→ GOAL OF THE EXERCISE:
Set the material down again exactly, line by line, skipping each picture.

→ SOURCE MATERIAL:
★ ★ ★

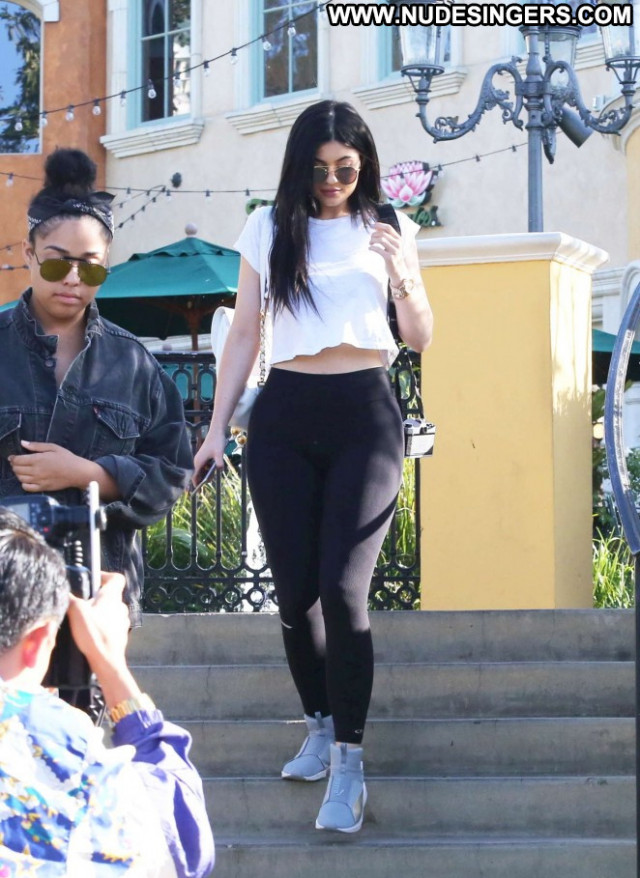 Kylie Jenner Babe Celebrity Posing Hot Beautiful Paparazzi Doll Hot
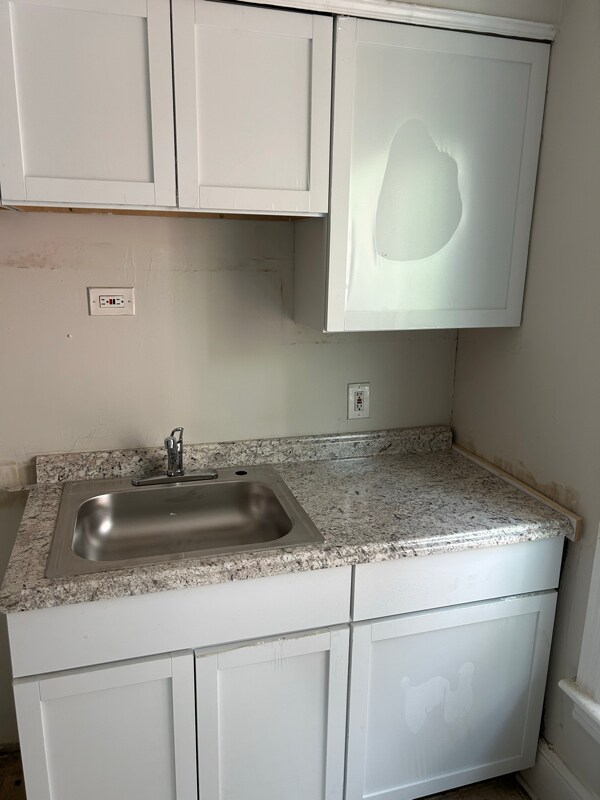 Primary Photo - 526 N Charlotte St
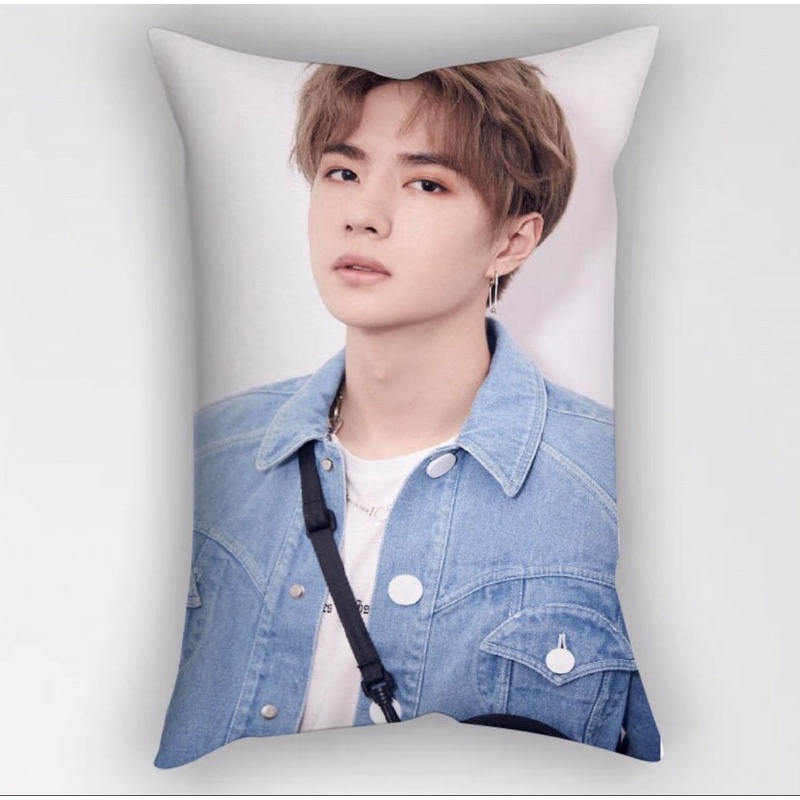 พร้อมส่ง ปลอกหมอน  wangyibo ขนาด 50x30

★ ★ ★

→ EXERCISE SOLUTION:
 Kylie Jenner Babe Celebrity Posing Hot Beautiful Paparazzi Doll Hot
 Primary Photo - 526 N Charlotte St
 พร้อมส่ง ปลอกหมอน  wangyibo ขนาด 50x30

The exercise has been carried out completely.